BEGIN Dataset extract

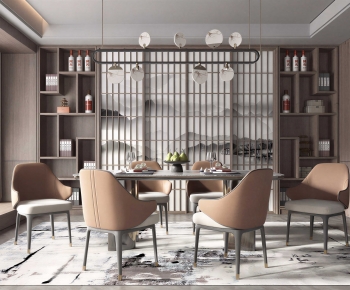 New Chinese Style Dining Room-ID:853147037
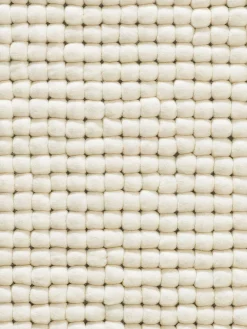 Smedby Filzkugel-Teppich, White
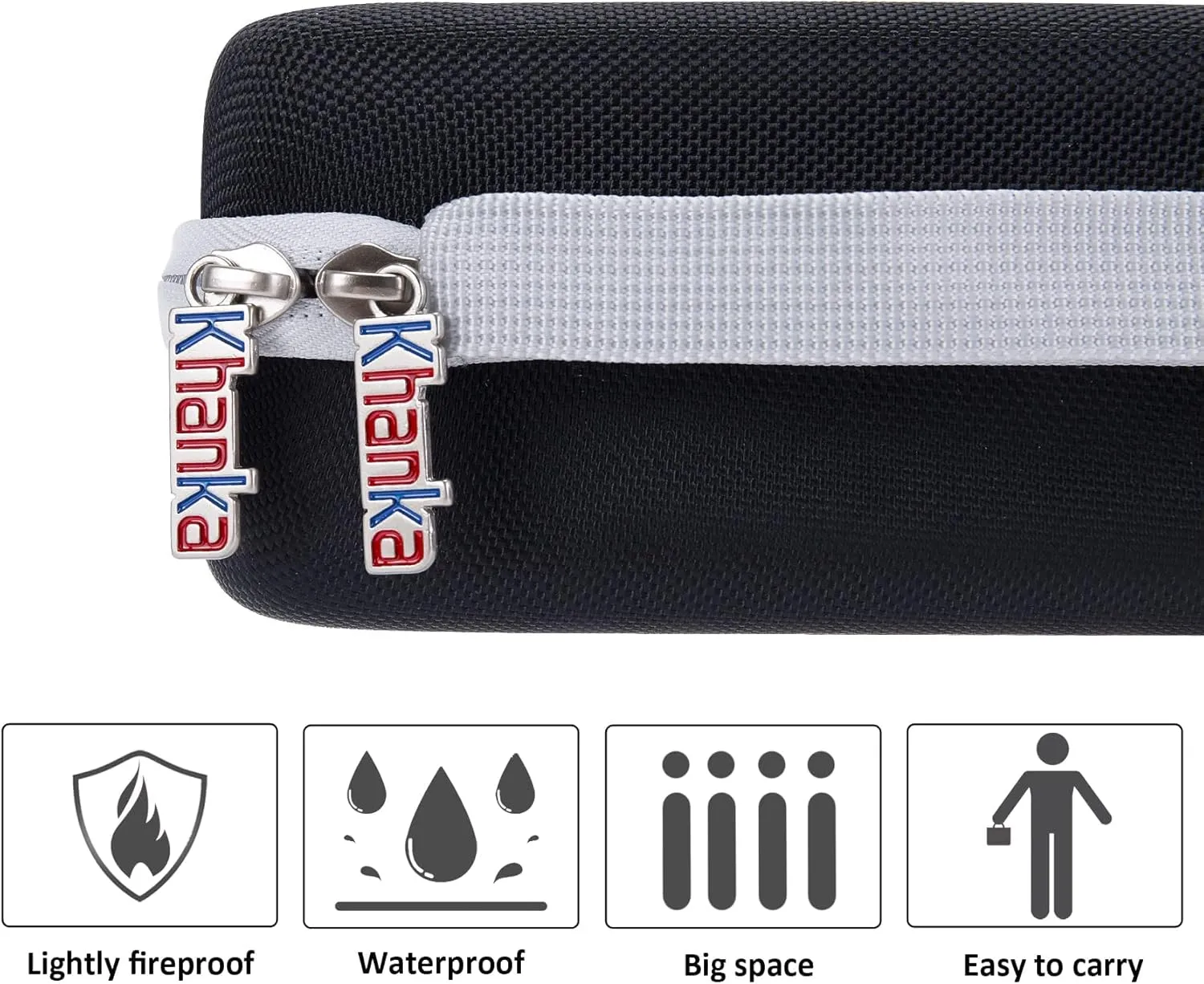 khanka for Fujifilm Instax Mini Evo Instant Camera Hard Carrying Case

END Dataset extract

How to complete this task:
The expected response is every line of the material, written out exactly, with the images removed.

Exercise output:
 New Chinese Style Dining Room-ID:853147037
 Smedby Filzkugel-Teppich, White
 khanka for Fujifilm Instax Mini Evo Instant Camera Hard Carrying Case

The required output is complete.